When I tell people about IPT, some
"get it" and some don't. And the ones who really get it ask
"Why hasn't anything been done with this yet?" Indeed, why
not?
Through our individual contacts
and many small efforts, IPT can become known, verified, and implemented around
the world.
My favorite model for what can
happen for IPT is Open Source software. The best example is the
Linux operating system for personal computers. Created, released, and
initially maintained free by one individual, Linus Thorvaalds, this software
system started small, among a few friends, and has spread exponentially across the world. Through their own inspiration, people have
added to it, modified it, distributed it, written new application software that
uses it, had big meetings where they helped new users install it on their
machines. Now the software is still free, although numerous
companies add their own brands and marketing and charge for distribution,
support, and services. As more people adopt Linux, public
awareness of it is growing. Now, with a large user base and a number of
public companies, it has become a credible competitor to Microsoft's
juggernaut Windows operating system.
IPT could fuel an even bigger storm of benefits and enterprises.
Another model for how to handle this
project is the case of Michael Rothschild and Bionomics. In the 1970s and 1980s, a
number of people like me became aware of the wonderful similarities between
human-controlled industrial systems and biological systems and ecosystems.
( Read about my work on Technoecology in the
1970s. ) But Michael Rothschild is the one who did it
right.

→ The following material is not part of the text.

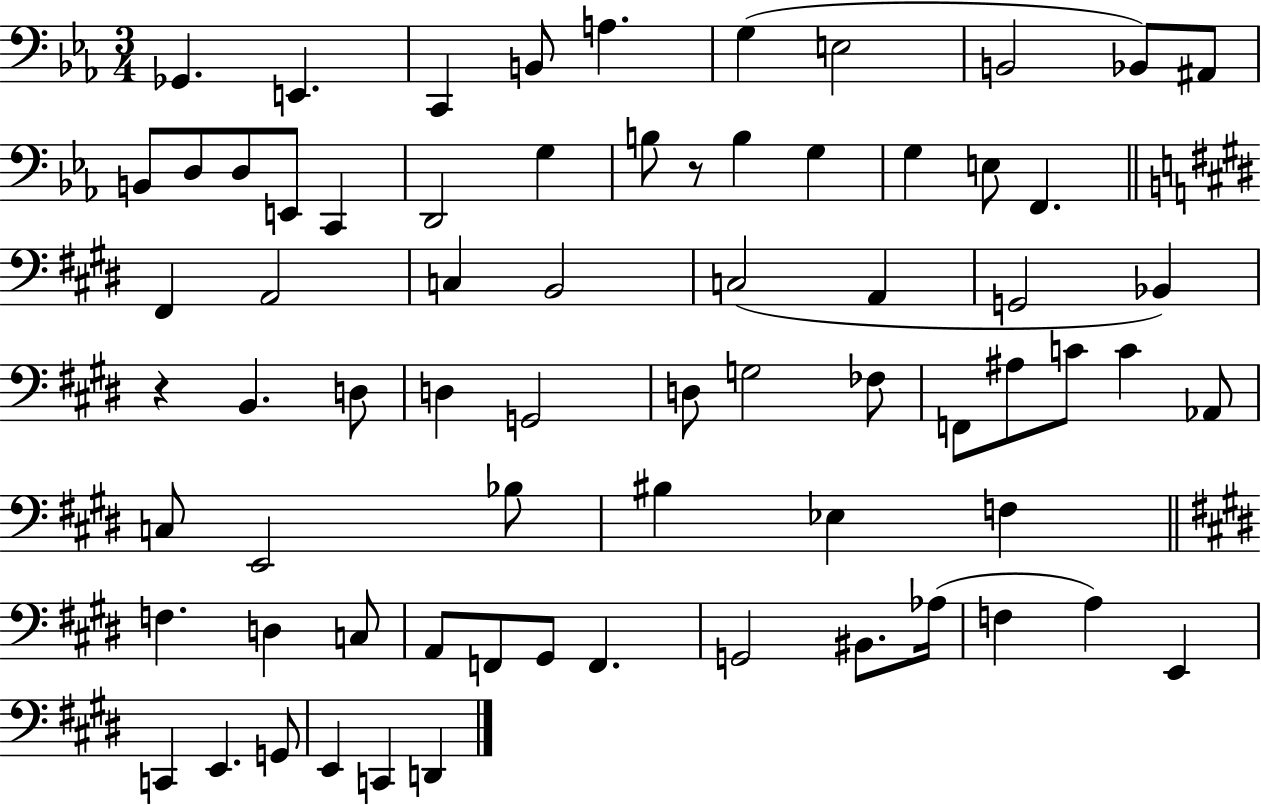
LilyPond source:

He started seeing the bio-techno analogy in the 1980s, and decided to take
this awareness to the world, to make it part of the consciousness of economists and
governments. He wrote and published a brilliant 1990 book: Bionomics, Economy as
Ecosystem. He made connections with people in government and academia and
business. With some friends he started The
Bionomics Institute, complete with a website and a journal. They put on five
conferences, the last one in November, 1997. And once their goal was achieved, and
the bio-techno analogy was cropping up in the news and all over Washington, D.C., they
quietly shut the project down... Mission accomplished.
If IPTQ.org does nothing more than help trigger a worldwide wave of interest in
IPT, it should be considered to be a big success.